Data provided

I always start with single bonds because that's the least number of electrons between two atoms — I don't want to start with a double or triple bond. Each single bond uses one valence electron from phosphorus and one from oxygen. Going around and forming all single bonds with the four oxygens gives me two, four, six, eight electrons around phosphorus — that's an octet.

* * *

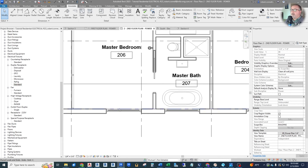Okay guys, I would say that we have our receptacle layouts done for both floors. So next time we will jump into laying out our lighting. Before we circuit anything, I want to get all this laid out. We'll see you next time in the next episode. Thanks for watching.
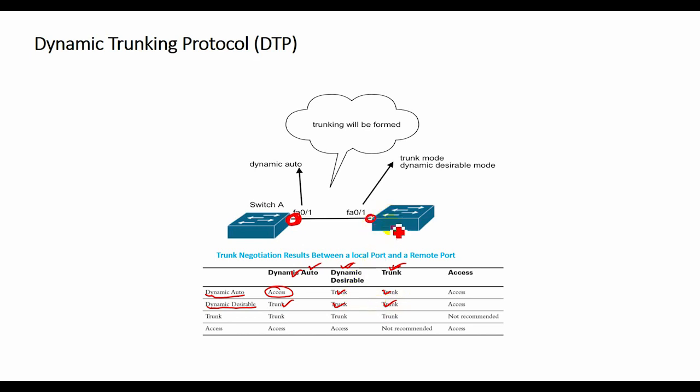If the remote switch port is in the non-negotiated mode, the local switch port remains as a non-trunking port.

About this task
With the pictures left out, write out exactly the lines above from the one containing "Okay guys, I" through the one containing "If the remote".

Reply
Okay guys, I would say that we have our receptacle layouts done for both floors. So next time we will jump into laying out our lighting. Before we circuit anything, I want to get all this laid out. We'll see you next time in the next episode. Thanks for watching.
If the remote switch port is in the non-negotiated mode, the local switch port remains as a non-trunking port.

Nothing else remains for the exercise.